It is fair to say that many development agencies that are campaigning so hard on the issue have been fairly lukewarm in their response to the outcomes from the G8. But we have an opportunity today to make a difference, and the Government have an opportunity to put their commitment into reality by supporting the amendment. I am pleased that the hon. Member for Bristol West (Stephen Williams) is now in Committee. Indeed, only last year his amendment was disappointingly withdrawn, but at the time he said that the

“purpose behind this amendment was to strive for joined-up government, in particular between Her Majesty’s Treasury and the Department for International Development…The reason why I mentioned joined-up government in the context of an enormous increase in the Department for International Development’s budget is that, given the budget pressures elsewhere, it would be perverse to increase the largesse that British taxpayers spread across the world while the foreign Governments who receive that increased assistance are unable efficiently to collect the tax revenues that are due.”––[Official Report, Finance Bill Public Bill Committee, 19 June 2012; c. 464-465.]

Photo of Stephen Doughty Stephen Doughty Llafur, De Caerdydd a Phenarth

Is it not ironic that we have seen a lack of progress on tax in the past couple of days while on aid spending, we, in fact, saw an 8% underspend in the Department for International Development’s budget, on the instructions of the Chief Secretary to the Treasury. We need to see the action on both aid and tax in respect of nutrition, hunger and other important issues.

Photo of Catherine McKinnell Catherine McKinnell Shadow Minister (Treasury)

My hon. Friend has put his case passionately and very much makes the case that I am putting across, as well as the argument advanced last year by the hon. Member for Bristol West. We could not agree more with the hon. Gentleman’s sentiments. The Government should be doing everything that they can to consider how changes to our taxation system impact on some of the poorest countries in the world.

Photo of Stephen Williams Stephen Williams Democratiaid Rhyddfrydol, Bristol West

Good morning, Mr Amess. I do not resile from the words that I used last year. In fact, I am pleased to see the progress that has been made as a result of the amendment and our discussion this time last year.

One of the reasons why the amendment was withdrawn was that those on the Opposition Front Bench at the time said privately that they had no intention of supporting it.

Photo of Catherine McKinnell Catherine McKinnell Shadow Minister (Treasury)

I dispute what the hon. Gentleman has said. I do not know how to express my words in a parliamentary manner, but I am surprised by the tone he used, given that he was supportive of such changes. We have been at pains in tabling the amendment today to make sure that it is worded reasonably and that it is not requesting anything unreasonable, impractical or unrealistic from the Government or, indeed, members of the Liberal Democrat party on the Government Benches. Therefore, we hope that members of the Committee will stand by the warm words from the Government Benches about supporting developing countries in their efforts to secure their own tax base and live up to the promises of the G8 on tax transparency and support for developing countries, and vote for our amendment today.

Photo of Sheila Gilmore Sheila Gilmore Llafur, Edinburgh East

It is a pleasure to continue to serve on the Committee under your chairmanship, Mr Amess.
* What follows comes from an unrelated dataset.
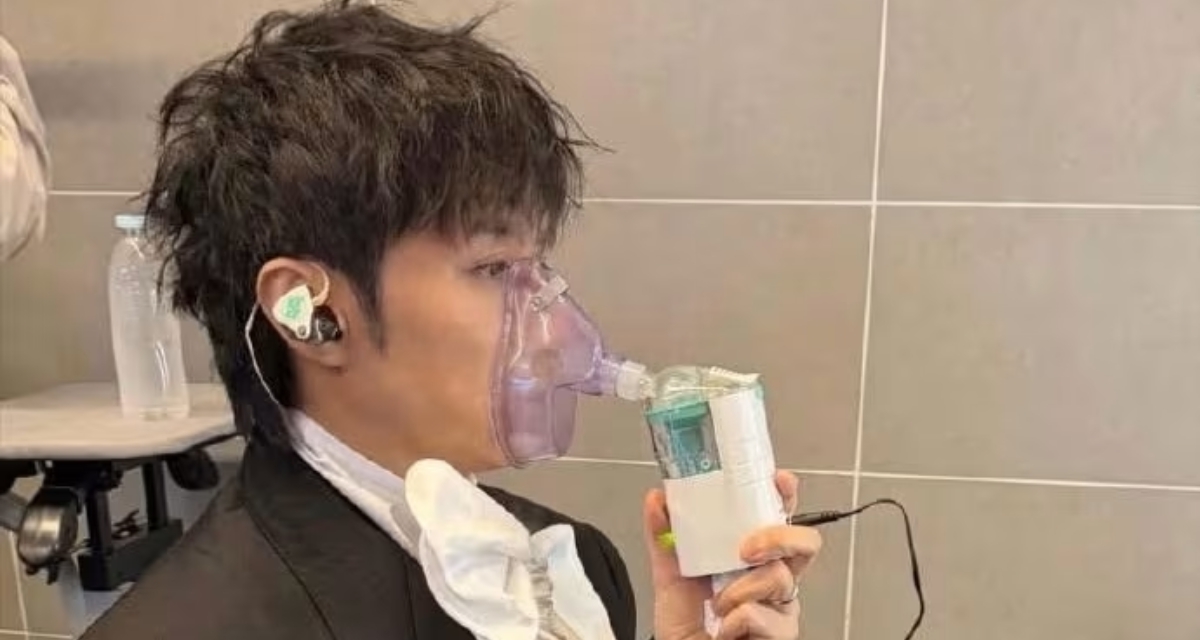 Ca sĩ Cổ Cự Cơ kiệt sức, phải thở oxy trước đêm diễn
Many of us are seeing the light at the end of the tunnel and hoping that we will soon be given the freedom not to be in this room—until, perhaps, next year, when I am sure many of us will have the great pleasure of coming together for another Finance Bill. It is significant that we are again debating an issue—one that is very important—that has been raised each time we have had a Finance Bill, certainly in my short time in this House. That shows the seriousness of this question.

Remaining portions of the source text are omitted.